At one point someone pulls out their phone and they start watching a video. And it's not like some nationally syndicated entertainment program programmed and funneled from one of a handful of mega corporations. Regular human entertainment. No. It's some very nichy faux court drama featuring.. YouTube personalities with enough in-jokes and callbacks to make an Arrested Development fan nervous. I realized, of course, that this was how my parents viewed, say, video games or rap music. Incomprehensible.
But it's my god given right to tell them to quiet down or 'do something normal' so of course I tell them to turn off the phone. I mean, if they were watching the Best of Night Court would I have said something? I'm not sure. And it wasn't so much the nichey-ness of it. It was the cloying sense that this YT show was like the Disney channel teen shows. Full of smarmy kids always pulling one over the dowdy adults. Except in these videos there aren't even any dowdy adults, they are just pulling everything over us without us even being present.
Pop culture, by definition, belongs to the young.
I'm still of the age where I think I should keep up , at least in the same hemisphere in what my kids are consuming.I do a pretty shoddy job at that. But when THEIR friends bring the sort of internet culture THEIR parents let them consume, that's when it really gets out of control. There are empires built on watching particularly charismatic kids play games. Open products. React to things, for the love of.. It's never meant to be understood by adults, I'm sure. Google 'Dream SMP'. I've had Owlet explain it to me several times to everyone's regret. It's a bit like reading an excerpt from a Stephen Hawkings book where you think you get it as you are reading it, but the essential understandability of the thing scurries off into the dark as soon as you blink.
Yes, it's certainly me being old in the ever thriving youth of internet culture. Owlet has gotten Dream SMP merchandise, to give you an idea. This incomprehensible entertainment is big enough to employ a sweat shop somewhere in Asia.
By which I mean I get slightly panicky when I have to encounter and evaluate a new 'thing' my kids are thinking about consuming. Nevermind that I was allowed (or, more, my parents never disallowed) to listen to gangster rap in the 90's and I've hardly been in any drive-bys. But the internet is more insidious, it works in memes and half truths and before you know it my kids are 9 miles down the Conspiracy Alley and Lizard People Taking Over the Government is least extreme belief they have.

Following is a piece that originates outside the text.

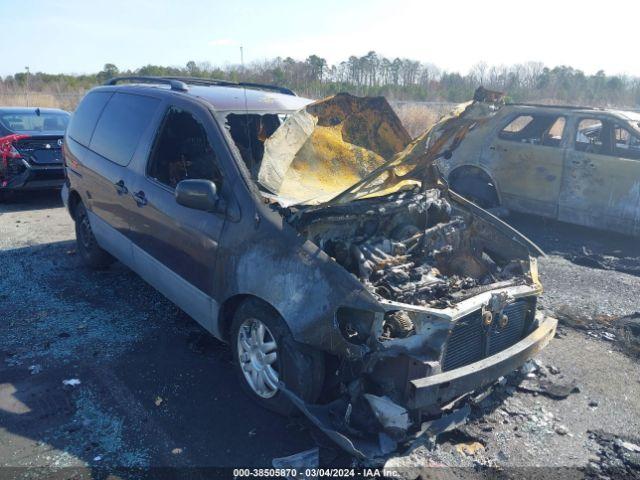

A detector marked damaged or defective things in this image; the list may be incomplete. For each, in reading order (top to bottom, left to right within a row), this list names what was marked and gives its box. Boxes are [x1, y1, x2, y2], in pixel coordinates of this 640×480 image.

But I think too much. I think too much about thinking too much. Owlet had a fine time chattering away, consuming several times her daily allowance of sodium, sugar, and red dye number 7. She and Owl Jr. almost always have the most mundane requests for Christmas and birthdays. A life lived with on-demand, commercial free entertainment, I chalk it up to. Fun was had by all, she's not yet an adult, and by god, I can still find my way around at turkey.